Just wanted to post some pics of my bro's aquarium for everyone to enjoy. It's a 25 gallon starfire rimless, with pressurized CO2, Malaya soil, and full spectrum, Cree LED lighting (just like my 20 gallon saltie, but different color LEDs). So far he has around 6 CRS, 2 ottos and 2 boraras brigittae in it, but hes planning on getting some more.

Heres a pic of the tank before it was filled:










And the tank as it is today:










Side shot with my 20 gallon saltie:










Close up of the LED fixture:










More pics to come soon!


----------



## Jaysan (Dec 19, 2011)

Damn that looks soo nice! 
Can't wait to drop by to check it out!!!!


----------



## sig (Dec 13, 2010)

I like it. Looks beauty, but for no reason tank on the right looks better 

*100% free webcam site! | Awesome chicks and it is absolutely free! | Watch free live sex cam - easy as 1-2-3*


----------



## Kooka (Feb 8, 2011)

sig said:


> I like it. Looks beauty, but for no reason tank on the right looks better


Must be the blue hue


----------



## AquaticPulse (Jun 19, 2011)

what kind of filtration is that? looks so futuristic


----------



## Kooka (Feb 8, 2011)

Lol, its an eheim liberty hooked up to a surface skimmer. There's an eheim 2215 canister running on it as well.


----------



## manmadecorals (Jan 17, 2012)

I love the LED fixture!


----------



## trfjason (Sep 25, 2006)

Nice setup, I like the stand you have for the light, can you tell me how you made it?


----------



## Sameer (Sep 30, 2007)

Man, you dont need room lights. Thats for sure.


----------



## Kooka (Feb 8, 2011)

LOL, yeah, it looks like a meth lab or something from outside... I actually stopped turning on one bank of potlights just because of the LEDs over the new tank. 

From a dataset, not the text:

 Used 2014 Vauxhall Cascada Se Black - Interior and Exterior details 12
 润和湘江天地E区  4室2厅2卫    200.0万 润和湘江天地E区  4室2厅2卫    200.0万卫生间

At trfjason: The stand wasn't made by me, I got it from Aqua Inspirations in Mark's Ham. You can check it out on their website. You can technically make one yourself, but I didn't bother to. We had enough DIY fun with the actual light.


----------



## vraev (Mar 29, 2012)

Nice to see the tank finished Phil. Glad it turned out so beautiful.


----------



## Kooka (Feb 8, 2011)

Thanks vraev, it was worth the trip down to the Hammer  Hopefully everything is going well with you as well.

Just wanted to share a pic of the control box, we designed it to utilize 2 potentiometers to regulate the LED light intensity:










The controls for my saltie tank are a little more complicated though (Arduino based) Still needs a little programming work but the bare bones are there:


----------



## Boogerboy (Sep 23, 2008)

Kooka said:


> Just wanted to share a pic of the control box, we designed it to utilize 2 potentiometers to regulate the LED light intensity:


Wow. I kind of got tired of my LED build and just crammed a bunch of wires into the stand and shut it never to see the light of day XD, this looks really tidy. I need to do this too because as of yet there's still a bunch of bare wires that could pose a problem with water.

Beautiful looking setup, excited to see its development. I've become somewhat of an LED fanatic after seeing what they could do for plant growth, energy bills and never having to switch a bulb again. Looks like you're using some Red and Royal blues too, what emitters are these, Cree? Where'd you get them from?



Kooka said:


> LOL, yeah, it looks like a meth lab or something from outside...


Honestly, with the amount of work it takes to maintain a planted tank. Scrubbing, cleaning, dosing, lugging heavy-ass containers, etc. that's a very good parallel to draw hahah


----------



## Kooka (Feb 8, 2011)

Yup, gotta be careful with the DIY electrical stuff, one bad decision and next thing you know you're taking out fire insurance... I have my wires tightly secured in plastic tubing, and even the entrances to the project boxes are dremeled and fitted with sockets so that stray water cant get in. The lighting circuitry itself is set on two fuses just incase something untowards happens. For my 75 gallon saltie build and planning on replacing the wall outlets with GFCI's for additional safety.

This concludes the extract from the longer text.